**What needs to be done:** The expected response is the full listing, retyped exactly, without its images.

**Data block:**
■ ■ ■ ■ ■
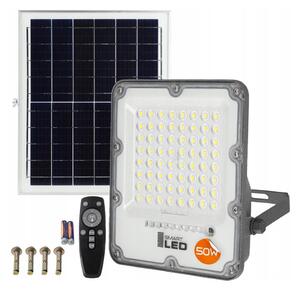 LED димируем соларен прожектор LED/50W/3,2V 5000K 6000 mAh IP65 черен + ДУ
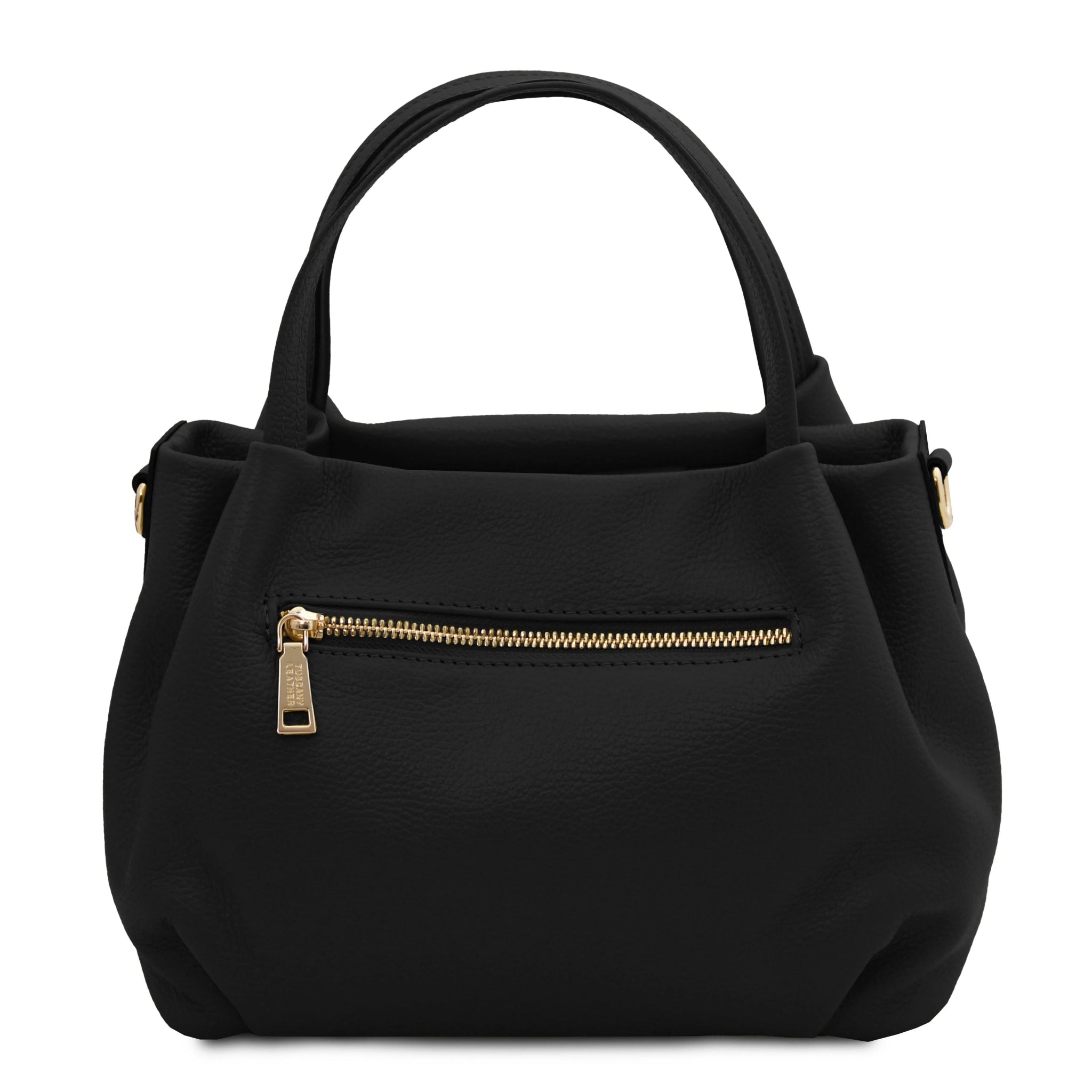 Back view Nora Soft Italian Leather Shoulder Bag in Black showing exterior zip pocket and top handle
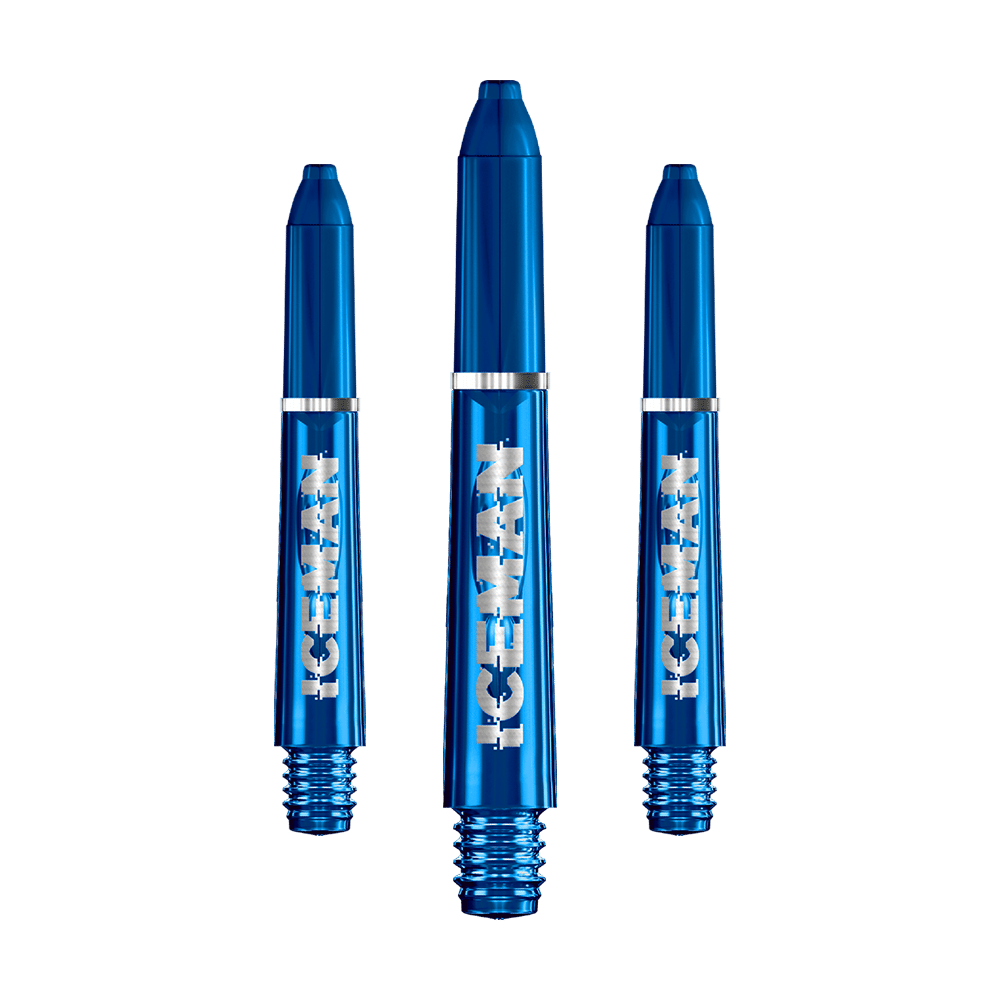 Das Bild zeigt drei blaue Dartschäfte mit der Aufschrift „ICEMAN“. Es handelt sich um das Produkt „Red Dragon VRX Gerwyn Price Shafts“.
■ ■ ■ ■ ■
**Answer to this task:**
 LED димируем соларен прожектор LED/50W/3,2V 5000K 6000 mAh IP65 черен + ДУ
 Back view Nora Soft Italian Leather Shoulder Bag in Black showing exterior zip pocket and top handle
 Das Bild zeigt drei blaue Dartschäfte mit der Aufschrift „ICEMAN“. Es handelt sich um das Produkt „Red Dragon VRX Gerwyn Price Shafts“.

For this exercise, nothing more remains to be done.